William Shakespeare’s Macbeth gets a fascinating visual reinterpretation thanks to Justin Kurzel, an Australian neophyte with only one previous feature credit to his name (2011’s The Snowtown Murders). But his association with his Macbeth lead, Michael Fassbender, now extends to his next feature, the big-screen adaptation of the popular videogame Assassin’s Creed. Working from a script by Jacob Koskoff, Michael Lesslie and Todd Louiso, Kurzel transforms the world of Macbeth into a hypnotic blur, a dreamscape where magic and insanity are merely opposite sides of the same well-worn coin. There is a rugged brutality in the battles and in every exchange between the characters.

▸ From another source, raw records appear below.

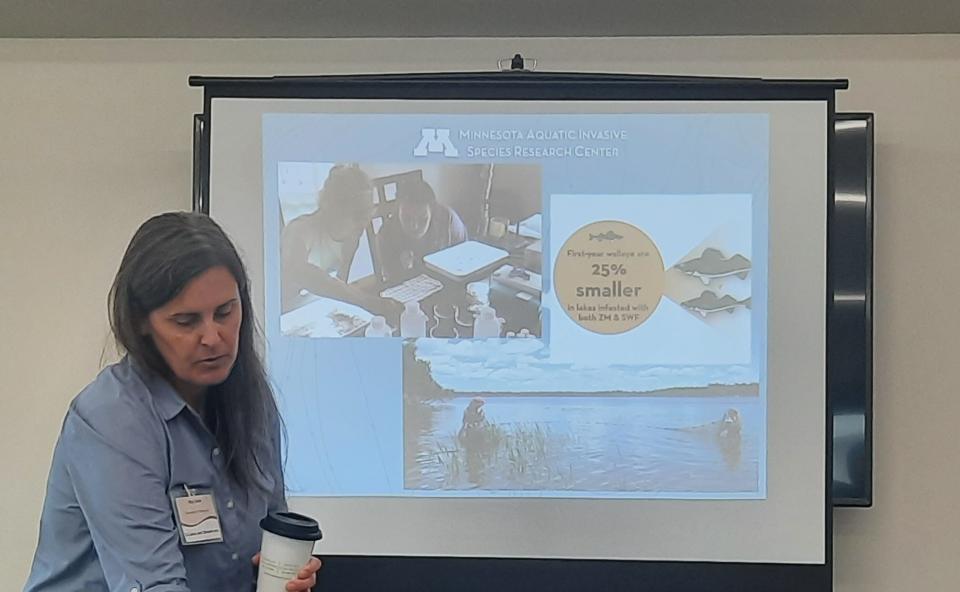 Meg Duhr, research outreach specialist with the Minnesota Aquatic Invasive Species Research Center, spoke about zebra mussels and other invasive species recently at Pickerel Lake.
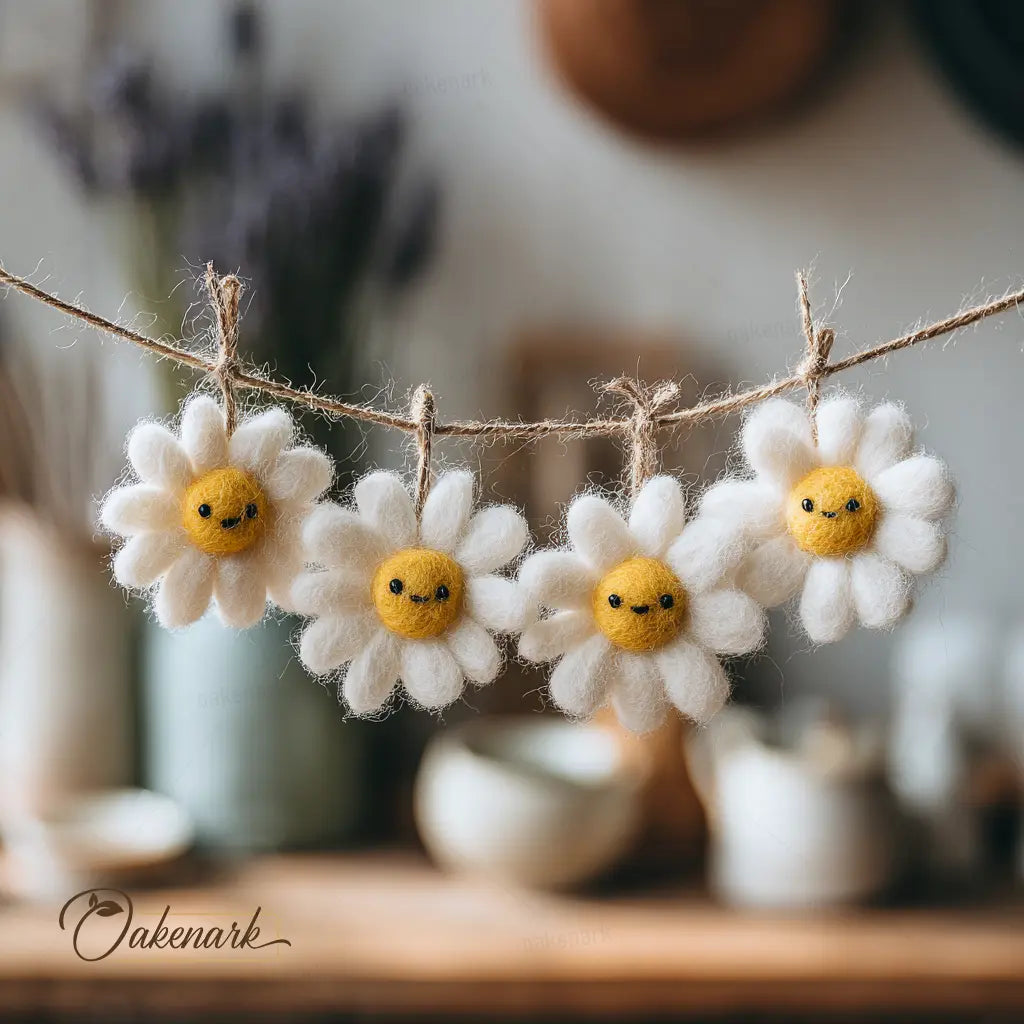 Decorative string with felt flowers on a wooden surface, featuring the brand 'Oakenark'.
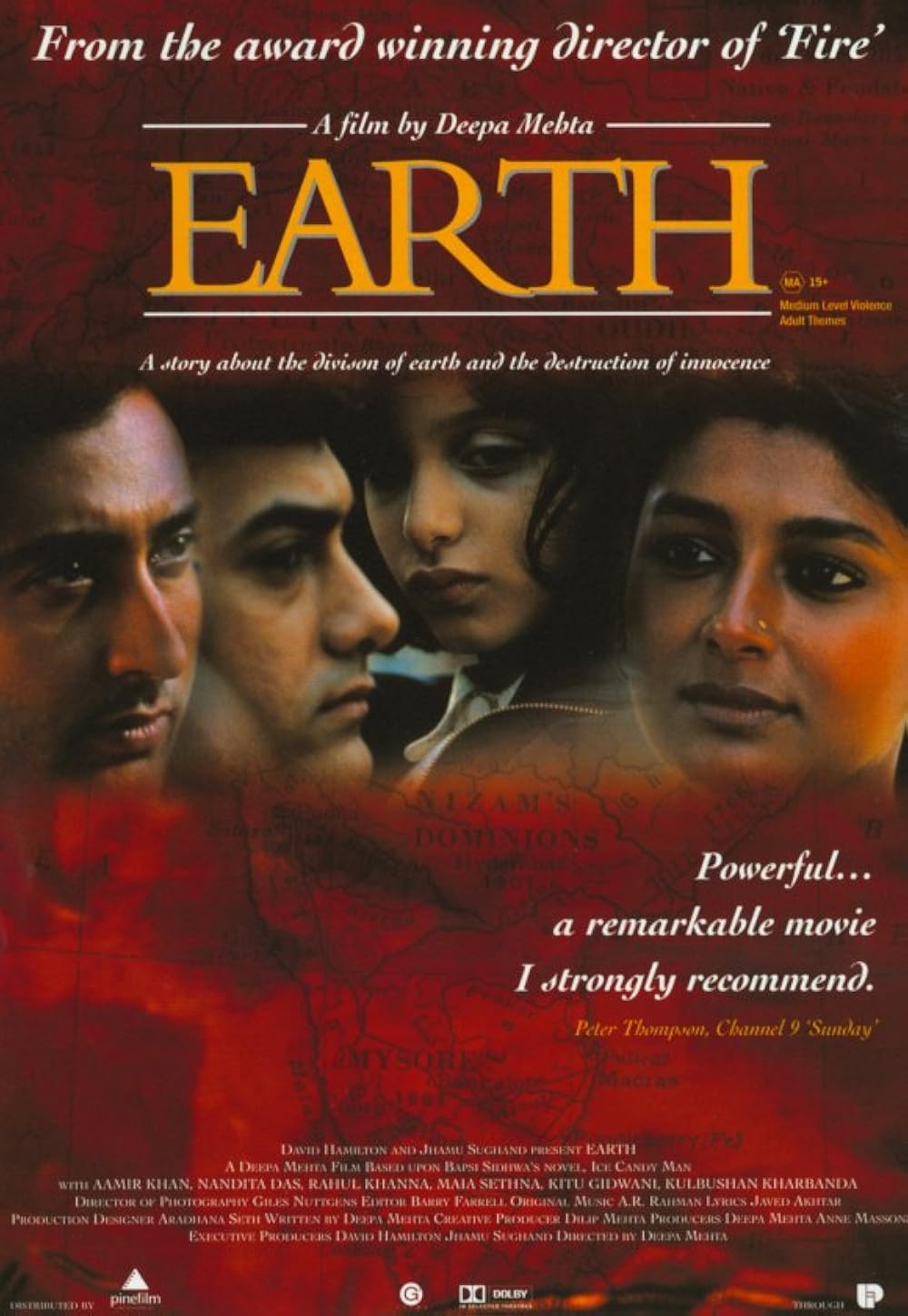 Earth (1998)Deepa Mehta's Earth tells the story of Partition through the eyes of a young Parsi girl, Lenny, played by Maia Sethna. Set in Lahore, the story follows her relationships with a group of adults from different religious communities. As Partition approaches, their friendships begin to collapse under growing communal tensions. Aamir Khan, Nandita Das, Rahul Khanna and Maithili Rao star in the film.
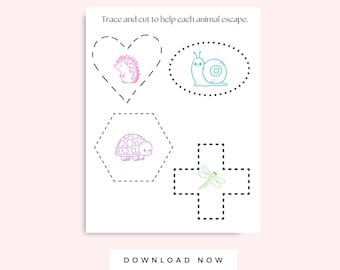 Cutting Activities for Preschool Printable, PreK Shapes Worksheet, Scissor Skills and Tracing Practice Page for Kids, Fine Motor Skills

Sadly, though, the language, with its poetic familiarity, lacks the sharp intensity we’ve come to expect and appreciate from the great Bard. At times, it feels as if it has been neutered — turned into a blunt instrument by a need to reduce the story to its core — which is a shame when you consider having Fassbender as Macbeth, Marion Cotillard as Lady Macbeth, Paddy Considine as Banquo and David Thewlis as Duncan. Thewlis harnesses the magic and majesty of Shakespeare in his performance — the grand scope and the artful nuance of the language — but the rest wallow in Kurzel’s murky netherworld.
I found myself longing, especially while watching Fassbender, for the exchanges to generate the energy captured in the fight sequences, which would rush headlong and then freeze just before flesh met steel, when time would become elusive and fluid. Shakespeare’s plays — all of the major works — have those moments, when he takes a common idea or sentiment and twists it and our expectations, creating new turns of phrase that we continue to adopt and adapt to our current social and cultural landscape, even after all these years. I wanted Fassbender to be the vehicle for that kind of transformative experience, and instead I got little more than a glorified action hero with more than a touch of madness.
Fortunately, the wicked insanity I sought had already emerged a few weeks ago when Fassbender brought the noise in Danny Boyle’s Steve Jobs. This narrative, like modern-day Shakespeare in its framing by Aaron Sorkin (working from the Walter Isaacson book Steve Jobs), inserts us into three distinct days in the life of the visionary figure at the epicenter of the digital revolution. Product launches become the battleground for a war that is intensely personal and globally impactful.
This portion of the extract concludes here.